TASK PROMPT
Leave the pictures out and restate every line below exactly.

Start of DATASET EXCERPT

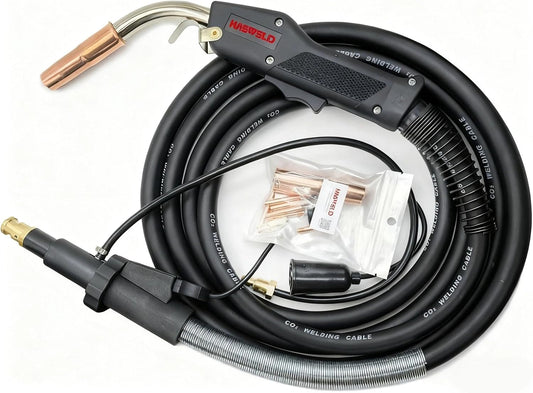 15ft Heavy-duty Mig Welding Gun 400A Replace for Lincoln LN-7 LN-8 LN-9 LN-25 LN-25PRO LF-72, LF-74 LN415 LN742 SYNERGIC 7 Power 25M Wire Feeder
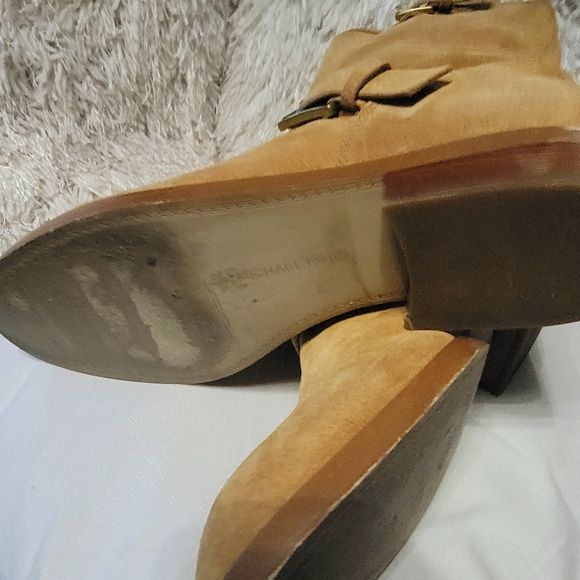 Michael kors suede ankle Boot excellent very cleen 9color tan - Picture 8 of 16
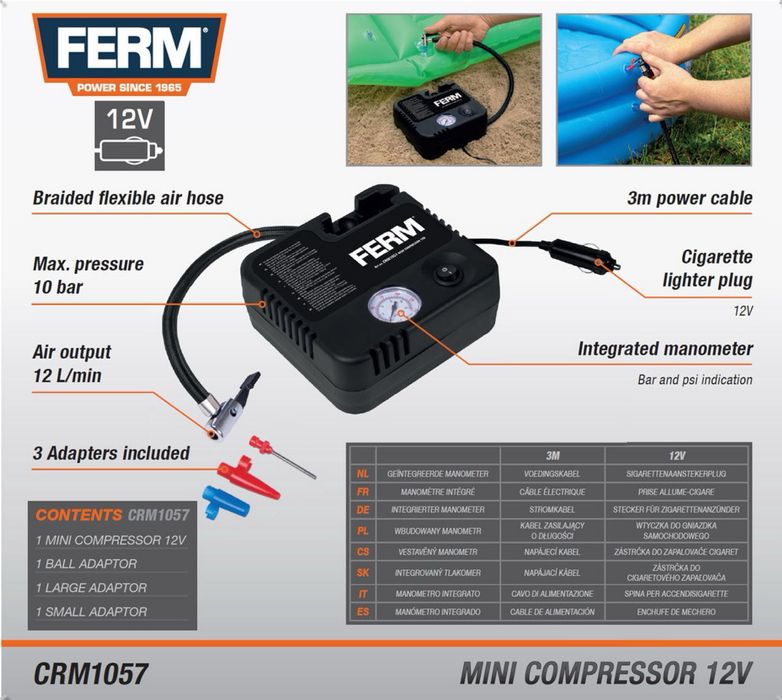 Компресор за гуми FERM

End of DATASET EXCERPT

EXPECTED ANSWER
 15ft Heavy-duty Mig Welding Gun 400A Replace for Lincoln LN-7 LN-8 LN-9 LN-25 LN-25PRO LF-72, LF-74 LN415 LN742 SYNERGIC 7 Power 25M Wire Feeder
 Michael kors suede ankle Boot excellent very cleen 9color tan - Picture 8 of 16
 Компресор за гуми FERM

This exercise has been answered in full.